オンラインストアの動きも顕著であった。2000年に日本市場へ参入したAmazonは、2007年に会員制のサブスクリプションサービス「Amazonプライム」を通じてスマホ向けコンテンツの提供を開始。そして2011年には、日本国内でAWS(Amazon Web Services)の提供を開始し、クラウド技術の普及が一気に加速した。AWSの登場は、スマホとクラウドを活用したサービス開発を飛躍的に進化させ、オンラインビジネスの可能性を大きく広げることとなる。
この技術革新はネオスにとっても追い風となった。
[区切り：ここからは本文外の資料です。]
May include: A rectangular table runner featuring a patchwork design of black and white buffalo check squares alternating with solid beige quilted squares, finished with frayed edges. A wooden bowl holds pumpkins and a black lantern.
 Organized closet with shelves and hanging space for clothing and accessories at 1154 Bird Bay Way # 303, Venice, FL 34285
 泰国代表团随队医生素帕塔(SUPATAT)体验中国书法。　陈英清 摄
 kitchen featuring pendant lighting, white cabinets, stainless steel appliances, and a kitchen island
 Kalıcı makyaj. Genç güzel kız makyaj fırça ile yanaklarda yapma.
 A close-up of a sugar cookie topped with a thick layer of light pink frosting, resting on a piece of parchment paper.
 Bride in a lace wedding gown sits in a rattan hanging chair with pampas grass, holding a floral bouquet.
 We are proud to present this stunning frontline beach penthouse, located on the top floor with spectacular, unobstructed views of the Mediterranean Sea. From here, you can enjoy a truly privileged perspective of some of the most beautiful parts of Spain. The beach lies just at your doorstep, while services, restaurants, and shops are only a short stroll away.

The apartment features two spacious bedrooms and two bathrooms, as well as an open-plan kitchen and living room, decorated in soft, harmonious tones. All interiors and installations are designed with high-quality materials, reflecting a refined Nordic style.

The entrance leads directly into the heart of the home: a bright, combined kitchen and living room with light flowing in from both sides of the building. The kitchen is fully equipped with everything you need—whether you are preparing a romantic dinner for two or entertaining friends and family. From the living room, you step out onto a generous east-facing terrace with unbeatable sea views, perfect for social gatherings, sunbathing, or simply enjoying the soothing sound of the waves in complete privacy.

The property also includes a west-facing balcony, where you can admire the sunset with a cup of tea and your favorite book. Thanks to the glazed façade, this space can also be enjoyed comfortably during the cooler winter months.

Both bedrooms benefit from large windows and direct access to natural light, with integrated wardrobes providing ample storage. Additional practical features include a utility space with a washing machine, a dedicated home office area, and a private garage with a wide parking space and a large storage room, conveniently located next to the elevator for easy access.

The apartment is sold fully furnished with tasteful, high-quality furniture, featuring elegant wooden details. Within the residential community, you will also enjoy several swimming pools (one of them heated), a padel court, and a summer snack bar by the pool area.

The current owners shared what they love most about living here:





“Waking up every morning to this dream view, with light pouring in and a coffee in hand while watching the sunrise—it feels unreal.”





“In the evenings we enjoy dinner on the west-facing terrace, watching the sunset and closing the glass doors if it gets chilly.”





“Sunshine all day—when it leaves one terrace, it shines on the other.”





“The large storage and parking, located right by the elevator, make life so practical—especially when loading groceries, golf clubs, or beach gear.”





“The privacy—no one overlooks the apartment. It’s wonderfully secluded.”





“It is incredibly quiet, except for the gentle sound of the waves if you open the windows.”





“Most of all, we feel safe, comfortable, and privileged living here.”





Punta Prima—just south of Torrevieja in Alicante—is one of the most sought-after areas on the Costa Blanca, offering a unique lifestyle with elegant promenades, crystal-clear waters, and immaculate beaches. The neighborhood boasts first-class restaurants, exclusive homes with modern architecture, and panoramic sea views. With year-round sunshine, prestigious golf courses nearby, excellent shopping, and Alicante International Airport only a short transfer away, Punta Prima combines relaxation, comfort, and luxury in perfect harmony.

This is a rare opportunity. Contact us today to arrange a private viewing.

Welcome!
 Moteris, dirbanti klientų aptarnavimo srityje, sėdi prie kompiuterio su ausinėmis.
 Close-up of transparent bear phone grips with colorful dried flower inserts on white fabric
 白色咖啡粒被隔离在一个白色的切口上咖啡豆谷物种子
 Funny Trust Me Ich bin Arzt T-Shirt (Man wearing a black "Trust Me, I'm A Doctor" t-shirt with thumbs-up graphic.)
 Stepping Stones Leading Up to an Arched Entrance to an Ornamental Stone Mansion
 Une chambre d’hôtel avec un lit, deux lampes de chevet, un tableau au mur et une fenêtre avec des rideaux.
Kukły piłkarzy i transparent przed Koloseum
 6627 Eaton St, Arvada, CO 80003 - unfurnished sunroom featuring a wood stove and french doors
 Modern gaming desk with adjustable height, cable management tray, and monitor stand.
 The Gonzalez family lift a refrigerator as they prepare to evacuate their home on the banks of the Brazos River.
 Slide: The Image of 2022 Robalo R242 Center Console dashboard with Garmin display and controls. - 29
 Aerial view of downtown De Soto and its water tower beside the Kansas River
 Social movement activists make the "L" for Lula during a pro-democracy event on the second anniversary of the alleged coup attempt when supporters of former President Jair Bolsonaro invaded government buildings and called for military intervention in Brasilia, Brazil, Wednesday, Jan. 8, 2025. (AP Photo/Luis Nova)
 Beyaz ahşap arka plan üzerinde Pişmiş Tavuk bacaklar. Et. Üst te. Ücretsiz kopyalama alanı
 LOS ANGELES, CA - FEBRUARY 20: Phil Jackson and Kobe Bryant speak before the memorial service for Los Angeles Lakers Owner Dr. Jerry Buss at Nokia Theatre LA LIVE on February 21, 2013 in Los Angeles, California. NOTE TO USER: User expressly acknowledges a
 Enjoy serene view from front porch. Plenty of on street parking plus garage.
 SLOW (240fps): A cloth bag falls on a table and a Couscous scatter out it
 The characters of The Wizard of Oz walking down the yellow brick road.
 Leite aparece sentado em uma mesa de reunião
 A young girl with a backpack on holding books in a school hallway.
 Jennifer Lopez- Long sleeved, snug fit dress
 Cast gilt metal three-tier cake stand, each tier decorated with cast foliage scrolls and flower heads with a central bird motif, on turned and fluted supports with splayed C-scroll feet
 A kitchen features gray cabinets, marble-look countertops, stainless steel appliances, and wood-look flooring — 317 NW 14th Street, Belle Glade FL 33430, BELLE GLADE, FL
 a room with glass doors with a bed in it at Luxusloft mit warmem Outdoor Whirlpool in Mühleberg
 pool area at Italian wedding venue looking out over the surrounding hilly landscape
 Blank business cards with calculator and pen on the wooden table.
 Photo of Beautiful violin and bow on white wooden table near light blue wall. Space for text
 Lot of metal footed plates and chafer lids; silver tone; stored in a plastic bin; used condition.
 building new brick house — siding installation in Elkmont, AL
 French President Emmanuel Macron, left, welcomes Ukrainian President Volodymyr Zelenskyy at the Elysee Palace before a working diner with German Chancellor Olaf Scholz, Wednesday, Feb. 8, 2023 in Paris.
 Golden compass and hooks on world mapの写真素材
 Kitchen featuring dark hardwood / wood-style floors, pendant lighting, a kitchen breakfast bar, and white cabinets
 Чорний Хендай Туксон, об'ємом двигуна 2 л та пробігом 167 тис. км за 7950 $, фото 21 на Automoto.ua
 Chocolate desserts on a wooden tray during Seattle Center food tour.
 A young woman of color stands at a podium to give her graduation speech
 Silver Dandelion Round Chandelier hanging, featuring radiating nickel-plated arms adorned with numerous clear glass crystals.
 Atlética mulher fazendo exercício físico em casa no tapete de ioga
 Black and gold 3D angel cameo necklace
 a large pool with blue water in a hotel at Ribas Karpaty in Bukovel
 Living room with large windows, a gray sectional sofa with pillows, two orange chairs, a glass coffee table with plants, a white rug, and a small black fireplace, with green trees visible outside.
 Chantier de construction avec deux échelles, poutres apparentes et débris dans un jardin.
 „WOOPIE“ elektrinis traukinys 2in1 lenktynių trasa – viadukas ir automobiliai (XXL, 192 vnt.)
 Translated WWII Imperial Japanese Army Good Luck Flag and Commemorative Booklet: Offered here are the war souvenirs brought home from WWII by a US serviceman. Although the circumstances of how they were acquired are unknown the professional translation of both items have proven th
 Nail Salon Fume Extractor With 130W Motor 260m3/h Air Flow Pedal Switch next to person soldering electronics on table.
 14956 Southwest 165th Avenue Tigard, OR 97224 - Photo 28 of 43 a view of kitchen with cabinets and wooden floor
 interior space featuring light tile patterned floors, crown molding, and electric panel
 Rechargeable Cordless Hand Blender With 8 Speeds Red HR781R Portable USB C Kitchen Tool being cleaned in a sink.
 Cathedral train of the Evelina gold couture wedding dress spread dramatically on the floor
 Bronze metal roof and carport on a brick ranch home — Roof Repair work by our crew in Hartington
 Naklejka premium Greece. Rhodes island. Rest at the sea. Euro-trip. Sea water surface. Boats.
サーバー運用に関する知見と豊富な実績はあったが、従来の自社運用型サーバーは膨大なコストや運用停止リスクを伴い、拡張性にも限界があった。AWSの登場によりこれらの課題が一気に解消され、クラウドを活用したオンラインサービス開発へのニーズが急拡大していったのである。

苦難を糧に

こうした背景の下、ネオスは新たな事業基盤を確立すべく、通信キャリアや一般法人向けのサービス開発受託を本格化。2011年に設立した札幌の開発拠点を中心に、新しいデバイスや技術トレンドへの対応といった、スマホ時代のビジネスシフトを見据えた開発体制を整えていった。
一方で、もともと自社開発中心のサービスプロバイダーとして成長してきたため、受託案件における緻密なプロジェクト管理やクライアントとの交渉といったディレクション領域においては、経験やノウハウが不足していた。上場企業としての信用力から受注こそ順調であったが、案件の規模が大きくなるにつれて進行に支障が生じ始める。クライアント側もオンラインサービス開発の経験が浅く、要件定義の難航や仕様変更が重なるケースも頻発。軌道修正が効かないままにプロジェクトが進んでいき、業績を揺るがす炎上に発展する案件も相次いだ。火消しに追われる事態が続き、2014年から数年赤字に陥ることとなる。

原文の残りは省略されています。